The vault file at `External Inputs/Notion/<slug>/<YYYY-MM-DD>.md` has frontmatter:

```yaml
---
type: external-input
source: notion
database_id: <uuid-with-dashes>     # set when root is a database
page_id: <uuid-with-dashes>         # set when root is a single page
root_kind: database                 # or "page"
page_count: <int>
ingested_at: <ISO 8601 timestamp>
entity_ids:
  notion: [<uuid>, ...]             # every Notion page id captured
---
```

Body is grouped by item, each item with title, URL, last_edited, and a body excerpt. For database mode the items are sorted by `last_edited_time` descending. For page mode the body is rendered as a nested block tree to the requested depth.

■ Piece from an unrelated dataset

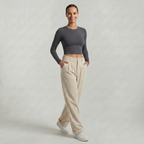 Women’s High-Waisted Corduroy Pants - Wide Leg Loose Fit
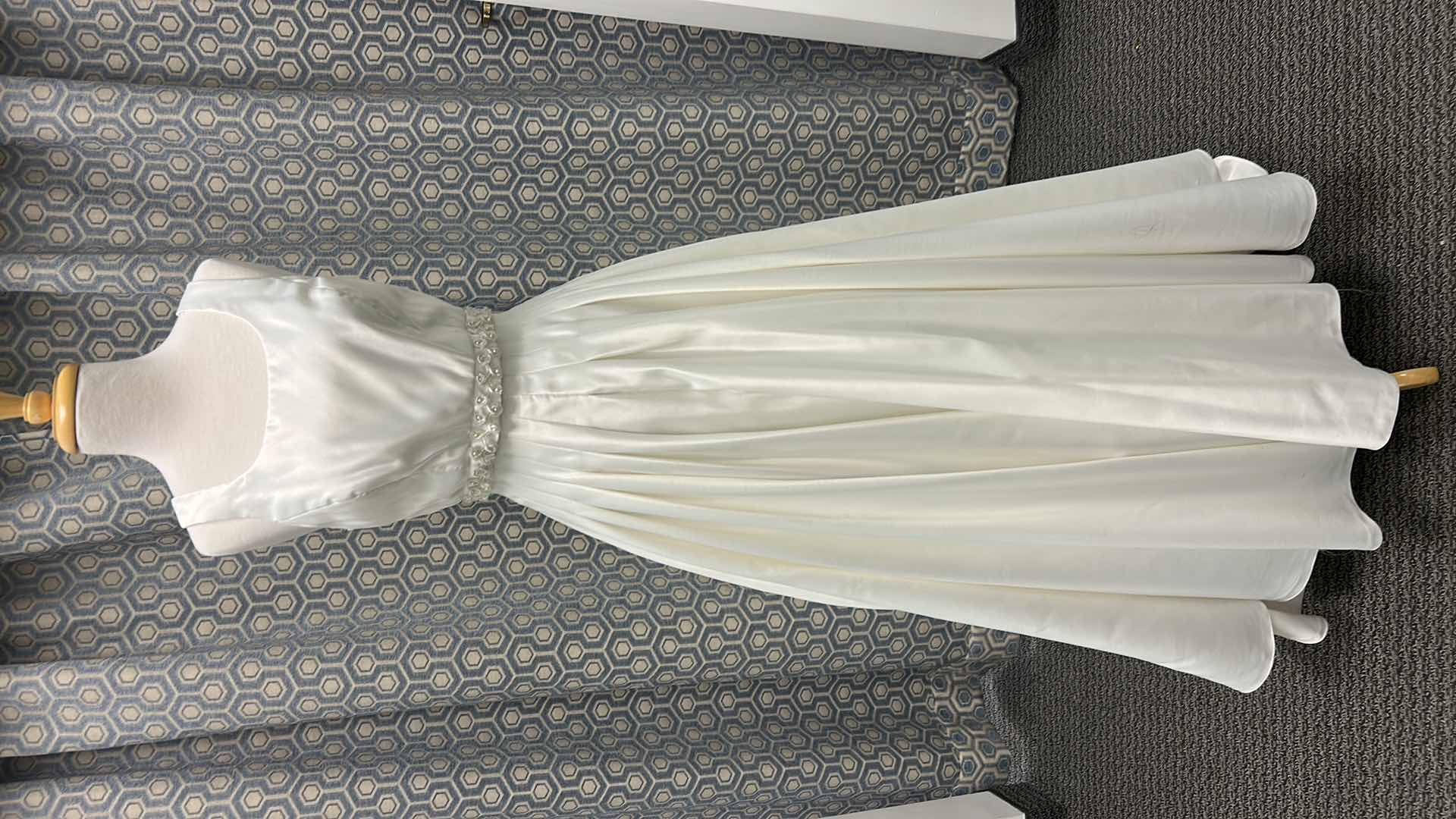 Photo 1 of BRIDAL GOWN, “A. ANGELO” , IVORY, SCOOP NECK, SHORT SLEEVES, LACE, PEARLS, AND MEDIUM TRAIN, SIZE 8. $600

The `entity_ids.notion` array conforms to the cross-type frontmatter contract so downstream consumers (graph builders, fact aggregators, agents) can join Notion pages to their source records without re-parsing the body.

## Idempotency

Re-running `/ingest-notion <id> --depth N` on the same calendar day overwrites the same vault file. The file path is keyed by date and root slug, so the same source produces the same path across re-runs. Re-runs do not duplicate; they refresh.

## Acceptance test

A successful run produces:
1. One new (or refreshed) file at `External Inputs/Notion/<slug>/<date>.md`
2. A stdout summary: `Wrote N page(s) to <path>.`

If the database resolves but contains no entries, write the file anyway with `page_count: 0` so re-runs are still idempotent and the absence is recorded.